Now that we have defined the necessary thermodynamic quantities in chapter 4, we can turn back to the consideration of the dynamics of various physical systems. In order to apply a Poisson bracket to macroscopic transport phenomena, it is first necessary to rewrite the bracket (3.3-3) in a form which is suitable for continuum-mechanical considerations. As the number of particles increases to infinity, the transition is made from the specification of a very large number of discrete particle trajectories, xi(t), i=1,2,...,N, N→∞, to the determination of a single, continuous, vector function, Y(r,t), indicating the position of a fluid particle at time t which at a reference time t=0 was at position r, i.e., Y(r,0)=r.
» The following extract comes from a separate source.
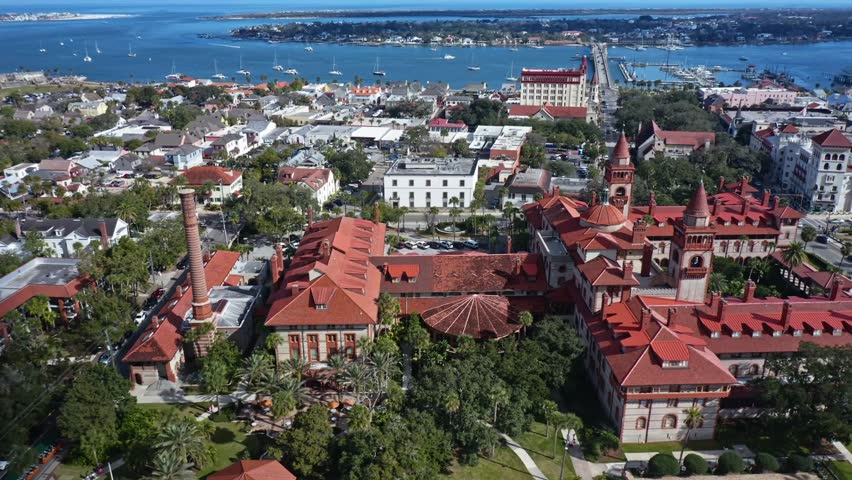 Historic red-roofed architecture dominates the scene near the waterfront with boats anchored in the bay and a long bridge connecting to the mainland in St Augustine, Florida.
This is called a Lagrangian or material description. Alternatively, an Eulerian or spatial description can be used according to which the flow kinematics are completely specified through the determination of the velocity vector field, v(x,t), indicating the velocity of a fluid particle at a fixed spatial position, x, and time, t. (Truesdell [1966, p. 17] notes that the Lagrangian/Eulerian terminology is erroneous, however.) In this chapter, we shall use both descriptions to tackle the problem of ideal (inviscid) fluid flow and to arrive at a Poisson bracket for each case. The dissipative system will be considered in chapter 7. Once again, the concept of time and length scales is very important in determining when the experimenter views the system in consideration as a continuum entity. In chapter 3, we studied the dynamics of a system of discrete particles bouncing around with our time scale implicitly set on the order of the mean free time of the particles between collisions, ζ, and the length scale on the order of the mean free path, λ. As the number of particles approaches infinity, however, we note that certain averages, such as the velocity and the energy of the system, are practically constant on such a small time scale. Since the number of particles is so large, it is almost impossible to get any detailed information about the system as a whole by looking at individual particles because the number of the degrees of freedom is horrendous.